Colchicine in Cardiovascular Disease: Old Drug, New Use

Article

Colchicine (Colcrys) is a promising adjunctive option in secondary prevention of cardiovascular events, probably because of its ability to stop or slow neutrophil reaction to intravascular cholesterol crystals.

Colchicine (Colcrys) is a promising adjunctive option in secondary prevention of cardiovascular events, probably because of its ability to stop or slow neutrophil reaction to intravascular cholesterol crystals.

Investigators recently looked at colchicine’s role in heart disease through a systematic review and meta-analysis of randomized, controlled trials. They searched for trials that randomized adult patients with cardiovascular disease to receive colchicine or either placebo or no therapy.

Colchicine was shown to reduce composite cardiovascular outcomes by 60%. The rates of pericarditis recurrence, post-operative atrial fibrillation, post-pericardiotomy syndrome, and post-cardiac surgery or radiofrequency ablation were nearly halved.

Benefits of colchicine were most apparent in stable coronary artery disease because it is driven by inflammation. Accordingly, benefits were limited in thromboembolism-driven acute coronary syndrome.

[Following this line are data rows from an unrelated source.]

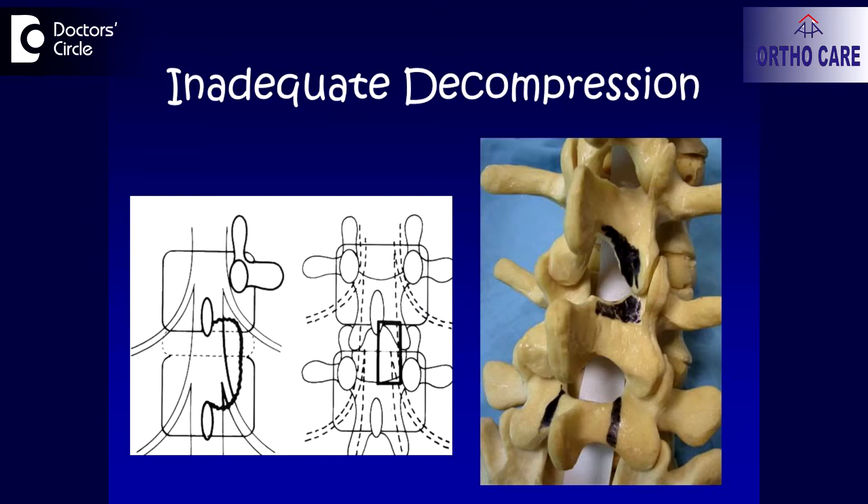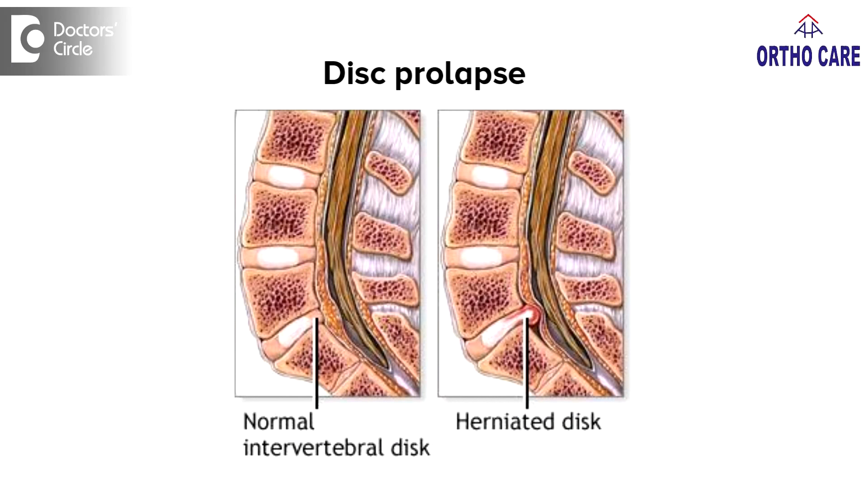The commonest cause of such pain is inadequate decompression — that is, a disc which is prolapsed or has come out has not been removed completely. There is a little bit of disc material which is still staying back, which can cause such a problem. Second, sometimes it so happens there are four or five levels in the lumbar vertebra, and one of the levels will have a disc prolapse. By mistake, the surgeon may operate at the wrong level. Though we have a lot of technology to find out which level we are operating, once in a while it does happen that you may go into the wrong level.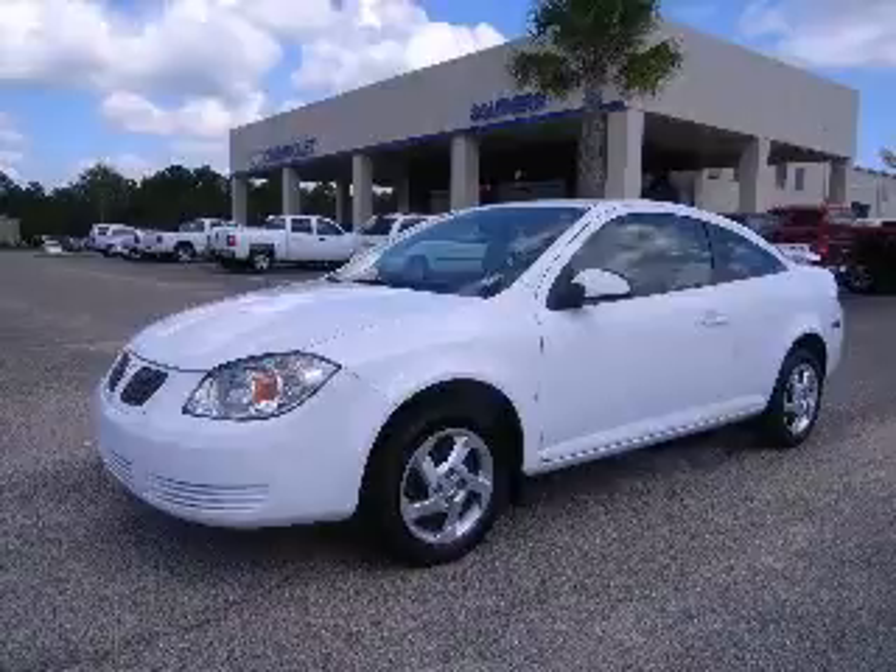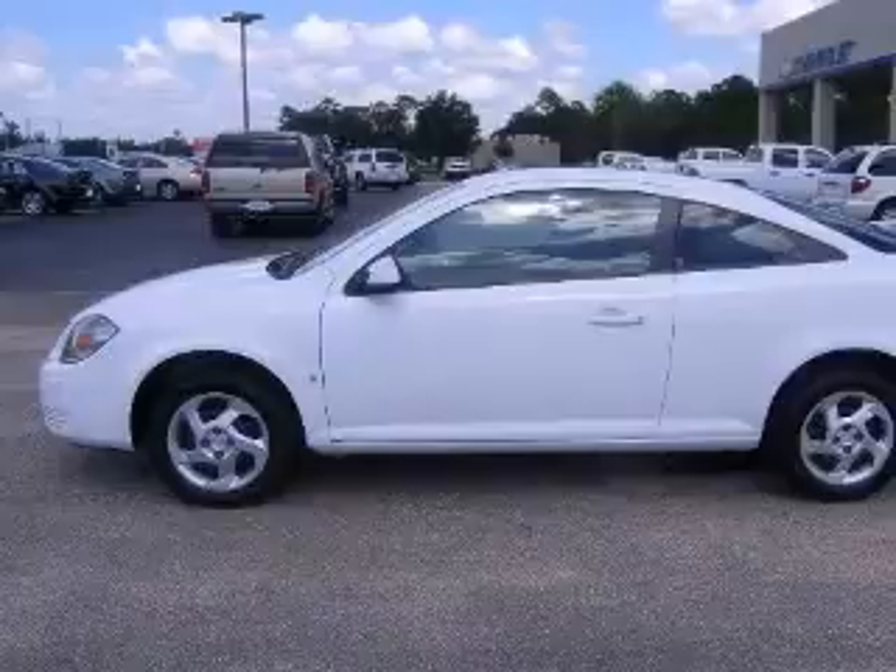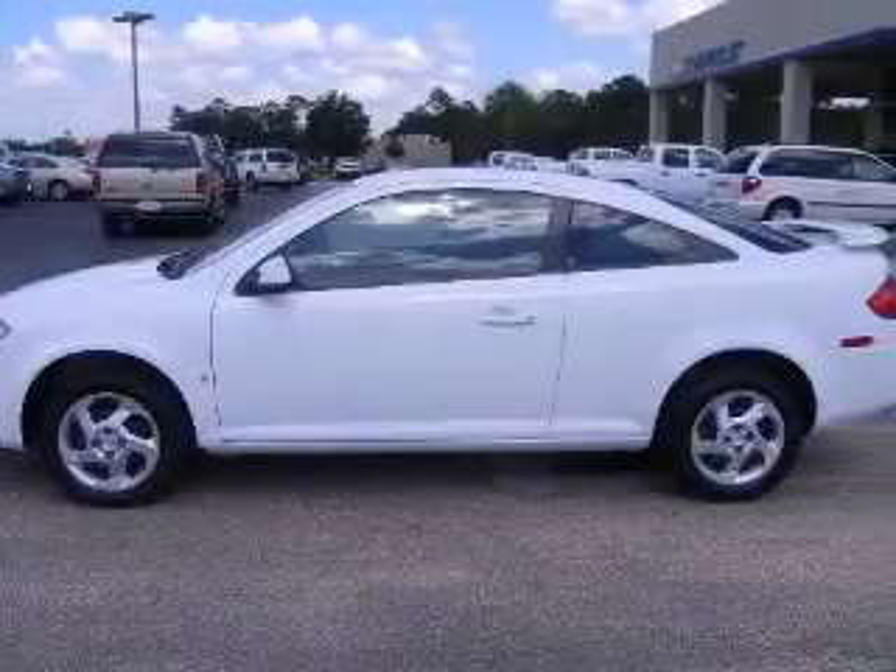We are proud to present this excellent 2008 Pontiac G5. This G5 has a four-cylinder engine and a manual transmission.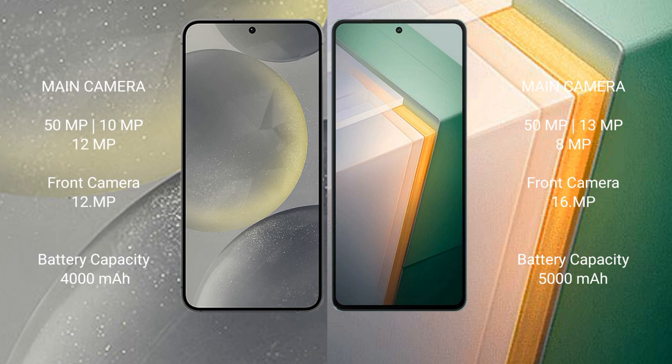Samsung Galaxy S24 features a triple camera setup: 50MP plus 10MP plus 12MP, and a front camera of 12MP. Vivo iQOO 11 features a triple camera setup: 50MP plus 13MP plus 8MP, and a front camera of 16MP.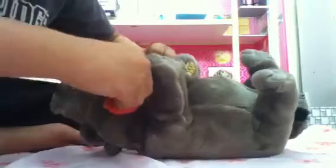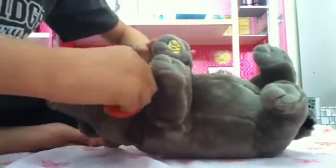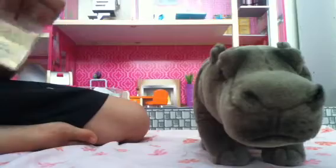I got the scissors so I can cut off the tag. Okay, let me cut it off really quick. I've been wanting this pet for so long. I definitely recommend this because it is so cute. I love it. It has so much detail to it. So cute. Okay, here's its tag.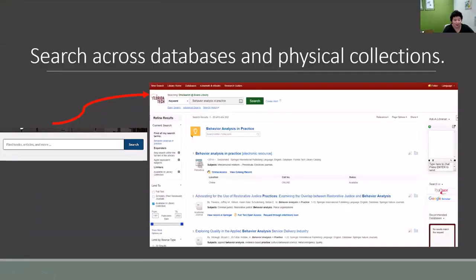The first thing we're going to talk about is probably one of the most familiar library resources — searching for books, articles, and things like that. On the library's homepage, that search bar is our one search. It's going to search across our physical collection as well as most of our databases. Not everything is in there, so if you don't find it right there, it doesn't necessarily mean we don't have it — you may have to go directly into certain databases. When you put in a search, it comes up with results similar to what you see on screen. I searched 'behavior analysis and practice' and got over 6 million results, with the most relevant first.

The leading adverse effect and reason for discontinuation was diarrhea and other gastrointestinal symptoms, which health care providers are already familiar with from colchicine’s use in gout and other inflammatory conditions.

Researchers have watched neutrophils with interest in patients with cardiovascular disease. Of note, colchicine inhibits neutrophil chemotaxis, ingress, and activation in inflammatory environments.

Controlling inflammation helps prevent pericarditis recurrence, but activated neutrophils are also present in atherosclerotic plaques. They seem to assist in the transformation of stable plaque to unstable plaque. By suppressing neutrophils, colchicine may help stabilize plaque and prevent fissuring or rupture that causes acute coronary ischemia or stroke.

This evidence supports the theory that colchicine’s anti-inflammatory properties have a place in cardiovascular disease therapy. The authors call for further randomized, controlled trials on colchicine use in this population and a dosage form that minimizes the drug’s adverse effects.